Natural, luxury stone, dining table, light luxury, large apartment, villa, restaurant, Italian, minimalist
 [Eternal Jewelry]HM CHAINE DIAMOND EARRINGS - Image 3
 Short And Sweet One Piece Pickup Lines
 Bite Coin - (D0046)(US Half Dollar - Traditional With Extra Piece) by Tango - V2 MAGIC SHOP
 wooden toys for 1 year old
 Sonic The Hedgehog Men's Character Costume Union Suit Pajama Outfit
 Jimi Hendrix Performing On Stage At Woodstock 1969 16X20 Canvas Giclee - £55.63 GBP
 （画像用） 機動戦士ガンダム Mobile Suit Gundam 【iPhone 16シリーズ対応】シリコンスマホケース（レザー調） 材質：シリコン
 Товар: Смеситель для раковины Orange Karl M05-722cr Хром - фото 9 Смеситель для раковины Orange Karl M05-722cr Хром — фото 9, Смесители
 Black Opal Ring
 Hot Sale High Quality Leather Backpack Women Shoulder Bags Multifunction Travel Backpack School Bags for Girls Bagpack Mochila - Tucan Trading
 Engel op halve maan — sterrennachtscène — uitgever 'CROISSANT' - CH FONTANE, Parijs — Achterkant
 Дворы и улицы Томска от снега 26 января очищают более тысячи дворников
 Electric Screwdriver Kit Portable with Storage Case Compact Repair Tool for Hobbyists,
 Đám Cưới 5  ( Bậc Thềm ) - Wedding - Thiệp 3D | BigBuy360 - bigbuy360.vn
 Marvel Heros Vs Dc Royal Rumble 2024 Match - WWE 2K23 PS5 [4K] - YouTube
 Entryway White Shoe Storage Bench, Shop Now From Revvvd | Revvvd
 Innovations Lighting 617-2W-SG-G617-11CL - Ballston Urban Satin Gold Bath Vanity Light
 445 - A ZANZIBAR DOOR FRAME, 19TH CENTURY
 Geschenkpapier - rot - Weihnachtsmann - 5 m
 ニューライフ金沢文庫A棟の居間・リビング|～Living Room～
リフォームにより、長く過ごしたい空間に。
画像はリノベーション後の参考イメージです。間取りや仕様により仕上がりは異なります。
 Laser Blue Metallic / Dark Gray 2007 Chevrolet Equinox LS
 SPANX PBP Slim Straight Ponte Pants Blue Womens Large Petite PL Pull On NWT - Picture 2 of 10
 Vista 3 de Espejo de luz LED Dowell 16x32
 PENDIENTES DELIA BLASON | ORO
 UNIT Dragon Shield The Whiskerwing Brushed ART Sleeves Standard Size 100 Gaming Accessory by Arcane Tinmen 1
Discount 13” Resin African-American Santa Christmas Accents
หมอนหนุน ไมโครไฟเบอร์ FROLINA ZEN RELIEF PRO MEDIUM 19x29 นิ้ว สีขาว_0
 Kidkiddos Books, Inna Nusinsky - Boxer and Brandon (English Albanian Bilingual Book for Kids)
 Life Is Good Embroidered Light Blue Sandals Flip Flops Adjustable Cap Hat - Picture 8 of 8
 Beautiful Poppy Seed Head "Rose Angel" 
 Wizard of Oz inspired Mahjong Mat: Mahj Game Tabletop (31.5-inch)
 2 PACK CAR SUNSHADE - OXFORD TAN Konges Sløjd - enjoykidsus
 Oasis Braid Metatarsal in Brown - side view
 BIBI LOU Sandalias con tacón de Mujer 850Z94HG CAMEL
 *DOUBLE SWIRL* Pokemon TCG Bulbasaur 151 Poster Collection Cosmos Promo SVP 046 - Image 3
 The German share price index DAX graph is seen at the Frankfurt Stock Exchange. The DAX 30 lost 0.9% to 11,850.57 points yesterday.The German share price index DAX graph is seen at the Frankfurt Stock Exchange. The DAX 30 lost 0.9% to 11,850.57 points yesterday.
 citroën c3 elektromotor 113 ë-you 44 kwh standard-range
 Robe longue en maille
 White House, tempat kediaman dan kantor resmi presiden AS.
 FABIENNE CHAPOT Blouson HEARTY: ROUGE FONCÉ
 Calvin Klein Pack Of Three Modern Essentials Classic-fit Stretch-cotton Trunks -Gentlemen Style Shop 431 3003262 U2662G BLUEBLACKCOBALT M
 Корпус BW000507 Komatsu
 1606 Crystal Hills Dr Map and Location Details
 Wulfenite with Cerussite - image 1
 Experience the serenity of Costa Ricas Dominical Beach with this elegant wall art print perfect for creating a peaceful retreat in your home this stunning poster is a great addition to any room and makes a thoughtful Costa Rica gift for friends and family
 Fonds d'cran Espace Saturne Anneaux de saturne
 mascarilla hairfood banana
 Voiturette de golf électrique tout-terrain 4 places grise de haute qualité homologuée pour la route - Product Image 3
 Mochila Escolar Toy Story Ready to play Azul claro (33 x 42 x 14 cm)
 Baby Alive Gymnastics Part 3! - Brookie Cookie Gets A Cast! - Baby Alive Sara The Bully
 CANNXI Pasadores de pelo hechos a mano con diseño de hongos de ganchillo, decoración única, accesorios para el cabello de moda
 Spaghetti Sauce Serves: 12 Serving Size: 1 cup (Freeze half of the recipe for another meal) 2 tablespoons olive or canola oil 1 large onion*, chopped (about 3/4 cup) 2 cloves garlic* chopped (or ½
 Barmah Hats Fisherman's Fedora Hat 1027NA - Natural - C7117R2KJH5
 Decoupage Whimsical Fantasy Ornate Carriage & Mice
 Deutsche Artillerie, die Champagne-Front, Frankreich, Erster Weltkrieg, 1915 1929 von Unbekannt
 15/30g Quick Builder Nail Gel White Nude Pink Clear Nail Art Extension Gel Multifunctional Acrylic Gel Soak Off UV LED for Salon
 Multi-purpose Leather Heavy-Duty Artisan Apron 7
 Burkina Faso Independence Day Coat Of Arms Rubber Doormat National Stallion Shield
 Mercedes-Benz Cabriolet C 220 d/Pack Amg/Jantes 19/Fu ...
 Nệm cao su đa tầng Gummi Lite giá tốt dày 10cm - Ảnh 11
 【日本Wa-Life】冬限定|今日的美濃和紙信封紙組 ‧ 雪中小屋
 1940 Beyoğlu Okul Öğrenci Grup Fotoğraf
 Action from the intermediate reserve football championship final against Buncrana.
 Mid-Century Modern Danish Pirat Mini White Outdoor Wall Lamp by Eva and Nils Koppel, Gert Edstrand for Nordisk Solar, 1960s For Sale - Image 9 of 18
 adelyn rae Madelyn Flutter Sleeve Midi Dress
+ + +
_Problem statement:_ In the listing above, find the line with "Burkina Faso Independence" and set down that line and all after it exactly, through the final line.

_Solution for this exercise:_
 Burkina Faso Independence Day Coat Of Arms Rubber Doormat National Stallion Shield
 Mercedes-Benz Cabriolet C 220 d/Pack Amg/Jantes 19/Fu ...
 Nệm cao su đa tầng Gummi Lite giá tốt dày 10cm - Ảnh 11
 【日本Wa-Life】冬限定|今日的美濃和紙信封紙組 ‧ 雪中小屋
 1940 Beyoğlu Okul Öğrenci Grup Fotoğraf
 Action from the intermediate reserve football championship final against Buncrana.
 Mid-Century Modern Danish Pirat Mini White Outdoor Wall Lamp by Eva and Nils Koppel, Gert Edstrand for Nordisk Solar, 1960s For Sale - Image 9 of 18
 adelyn rae Madelyn Flutter Sleeve Midi Dress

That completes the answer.